Records from a collection:
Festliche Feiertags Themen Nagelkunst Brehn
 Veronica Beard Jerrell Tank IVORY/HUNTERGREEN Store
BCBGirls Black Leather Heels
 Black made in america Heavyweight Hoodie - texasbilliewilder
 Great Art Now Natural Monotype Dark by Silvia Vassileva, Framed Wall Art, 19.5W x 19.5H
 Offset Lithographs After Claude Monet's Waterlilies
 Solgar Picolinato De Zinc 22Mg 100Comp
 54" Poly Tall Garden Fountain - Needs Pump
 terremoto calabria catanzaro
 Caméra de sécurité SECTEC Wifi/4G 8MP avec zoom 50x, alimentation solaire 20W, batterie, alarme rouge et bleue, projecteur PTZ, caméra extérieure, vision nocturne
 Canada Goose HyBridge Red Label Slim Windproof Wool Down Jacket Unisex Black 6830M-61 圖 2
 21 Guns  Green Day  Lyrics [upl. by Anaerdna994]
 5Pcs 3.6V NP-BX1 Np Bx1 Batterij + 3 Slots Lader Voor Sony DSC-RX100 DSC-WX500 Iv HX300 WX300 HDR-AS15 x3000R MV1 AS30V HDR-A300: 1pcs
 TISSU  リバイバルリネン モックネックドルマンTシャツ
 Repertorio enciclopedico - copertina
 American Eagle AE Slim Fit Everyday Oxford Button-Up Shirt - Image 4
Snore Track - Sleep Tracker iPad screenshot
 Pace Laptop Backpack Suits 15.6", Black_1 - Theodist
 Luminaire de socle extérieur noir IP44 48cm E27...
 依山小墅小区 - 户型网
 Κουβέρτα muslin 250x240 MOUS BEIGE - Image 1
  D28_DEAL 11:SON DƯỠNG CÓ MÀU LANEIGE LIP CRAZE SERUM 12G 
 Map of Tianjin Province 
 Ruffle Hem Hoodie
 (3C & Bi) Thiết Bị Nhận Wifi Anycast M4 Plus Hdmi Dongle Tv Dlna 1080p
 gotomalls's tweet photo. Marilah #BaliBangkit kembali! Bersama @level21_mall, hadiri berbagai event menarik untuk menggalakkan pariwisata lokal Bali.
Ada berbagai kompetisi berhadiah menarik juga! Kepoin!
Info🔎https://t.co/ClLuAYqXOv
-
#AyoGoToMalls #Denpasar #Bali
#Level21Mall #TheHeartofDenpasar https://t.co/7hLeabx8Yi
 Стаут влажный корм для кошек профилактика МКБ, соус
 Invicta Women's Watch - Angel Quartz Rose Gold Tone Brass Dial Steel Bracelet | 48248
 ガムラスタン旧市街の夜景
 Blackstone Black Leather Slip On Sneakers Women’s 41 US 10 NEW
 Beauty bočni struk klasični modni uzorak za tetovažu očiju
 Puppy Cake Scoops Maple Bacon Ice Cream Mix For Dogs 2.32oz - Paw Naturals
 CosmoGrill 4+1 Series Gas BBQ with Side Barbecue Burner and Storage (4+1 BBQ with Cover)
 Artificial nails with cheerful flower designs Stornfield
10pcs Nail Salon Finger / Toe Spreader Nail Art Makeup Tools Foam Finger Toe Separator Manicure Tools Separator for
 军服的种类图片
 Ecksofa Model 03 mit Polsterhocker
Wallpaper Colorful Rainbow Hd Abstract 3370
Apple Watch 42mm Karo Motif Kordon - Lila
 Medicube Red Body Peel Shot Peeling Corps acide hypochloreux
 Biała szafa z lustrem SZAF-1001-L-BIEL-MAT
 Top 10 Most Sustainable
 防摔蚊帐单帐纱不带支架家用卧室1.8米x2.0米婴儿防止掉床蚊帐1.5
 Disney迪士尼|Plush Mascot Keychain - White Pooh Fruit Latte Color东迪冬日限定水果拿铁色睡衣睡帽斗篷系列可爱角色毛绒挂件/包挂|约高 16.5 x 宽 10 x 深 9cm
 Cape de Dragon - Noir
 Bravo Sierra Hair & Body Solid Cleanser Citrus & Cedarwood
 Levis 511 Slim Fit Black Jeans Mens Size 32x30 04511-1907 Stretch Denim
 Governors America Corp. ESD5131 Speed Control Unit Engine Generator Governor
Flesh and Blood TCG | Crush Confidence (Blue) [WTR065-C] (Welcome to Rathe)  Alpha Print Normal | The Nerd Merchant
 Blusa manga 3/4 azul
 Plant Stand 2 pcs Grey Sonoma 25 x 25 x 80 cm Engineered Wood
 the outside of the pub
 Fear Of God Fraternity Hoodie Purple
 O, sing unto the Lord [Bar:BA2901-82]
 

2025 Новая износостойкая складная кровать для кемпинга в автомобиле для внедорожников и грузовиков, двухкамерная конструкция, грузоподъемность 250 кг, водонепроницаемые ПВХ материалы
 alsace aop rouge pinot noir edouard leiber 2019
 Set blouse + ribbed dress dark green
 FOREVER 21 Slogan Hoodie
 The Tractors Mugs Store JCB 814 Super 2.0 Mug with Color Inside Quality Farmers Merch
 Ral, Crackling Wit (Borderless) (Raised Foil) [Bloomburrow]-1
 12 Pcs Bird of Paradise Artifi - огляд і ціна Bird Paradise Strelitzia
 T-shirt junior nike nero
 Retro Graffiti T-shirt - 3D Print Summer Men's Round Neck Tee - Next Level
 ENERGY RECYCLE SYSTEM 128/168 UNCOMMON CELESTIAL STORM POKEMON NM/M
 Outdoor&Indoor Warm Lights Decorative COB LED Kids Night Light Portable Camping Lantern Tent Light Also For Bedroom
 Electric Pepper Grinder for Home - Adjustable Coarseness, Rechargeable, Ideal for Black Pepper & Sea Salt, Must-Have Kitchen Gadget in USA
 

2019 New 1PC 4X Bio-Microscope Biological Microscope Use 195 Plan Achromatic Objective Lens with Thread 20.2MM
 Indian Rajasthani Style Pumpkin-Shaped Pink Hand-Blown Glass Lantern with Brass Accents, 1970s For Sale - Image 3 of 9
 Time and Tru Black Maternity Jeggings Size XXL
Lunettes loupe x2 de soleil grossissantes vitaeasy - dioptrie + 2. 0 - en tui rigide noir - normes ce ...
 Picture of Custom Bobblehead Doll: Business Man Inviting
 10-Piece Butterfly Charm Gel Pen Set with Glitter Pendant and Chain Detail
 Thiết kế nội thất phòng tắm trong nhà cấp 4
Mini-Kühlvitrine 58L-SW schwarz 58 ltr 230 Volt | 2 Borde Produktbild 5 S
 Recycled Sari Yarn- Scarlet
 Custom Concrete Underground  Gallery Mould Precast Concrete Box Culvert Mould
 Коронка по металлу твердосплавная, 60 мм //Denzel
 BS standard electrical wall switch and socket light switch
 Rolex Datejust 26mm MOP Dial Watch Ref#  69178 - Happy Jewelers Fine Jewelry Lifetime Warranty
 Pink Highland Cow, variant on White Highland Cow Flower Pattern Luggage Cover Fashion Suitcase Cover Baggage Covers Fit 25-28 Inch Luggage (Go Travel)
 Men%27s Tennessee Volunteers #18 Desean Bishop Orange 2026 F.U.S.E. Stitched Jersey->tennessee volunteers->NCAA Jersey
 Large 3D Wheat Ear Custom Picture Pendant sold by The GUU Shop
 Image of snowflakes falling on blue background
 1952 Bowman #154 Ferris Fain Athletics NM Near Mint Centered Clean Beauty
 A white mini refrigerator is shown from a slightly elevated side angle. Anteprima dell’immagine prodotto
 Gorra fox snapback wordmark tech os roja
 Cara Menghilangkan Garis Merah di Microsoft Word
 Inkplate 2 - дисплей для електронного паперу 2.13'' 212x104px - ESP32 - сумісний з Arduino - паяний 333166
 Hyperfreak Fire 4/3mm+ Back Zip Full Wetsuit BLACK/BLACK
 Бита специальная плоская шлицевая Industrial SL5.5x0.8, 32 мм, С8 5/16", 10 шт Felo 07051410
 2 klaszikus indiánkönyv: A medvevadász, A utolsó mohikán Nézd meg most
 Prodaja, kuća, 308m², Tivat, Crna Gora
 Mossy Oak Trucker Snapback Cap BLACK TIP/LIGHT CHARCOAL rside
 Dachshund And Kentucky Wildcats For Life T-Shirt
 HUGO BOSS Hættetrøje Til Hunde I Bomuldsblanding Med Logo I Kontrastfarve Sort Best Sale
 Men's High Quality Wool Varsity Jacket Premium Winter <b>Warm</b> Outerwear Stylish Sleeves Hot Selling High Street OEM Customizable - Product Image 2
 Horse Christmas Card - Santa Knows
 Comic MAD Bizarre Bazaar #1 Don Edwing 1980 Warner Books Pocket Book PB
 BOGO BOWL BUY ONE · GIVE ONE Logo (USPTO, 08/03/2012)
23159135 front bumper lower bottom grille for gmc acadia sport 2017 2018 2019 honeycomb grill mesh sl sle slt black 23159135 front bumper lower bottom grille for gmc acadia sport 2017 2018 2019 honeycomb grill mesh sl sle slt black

TASK ITEM:
Using the entries above, find all lines with "Store". Copy them.

ANSWER SPACE:
 Veronica Beard Jerrell Tank IVORY/HUNTERGREEN Store
 The Tractors Mugs Store JCB 814 Super 2.0 Mug with Color Inside Quality Farmers Merch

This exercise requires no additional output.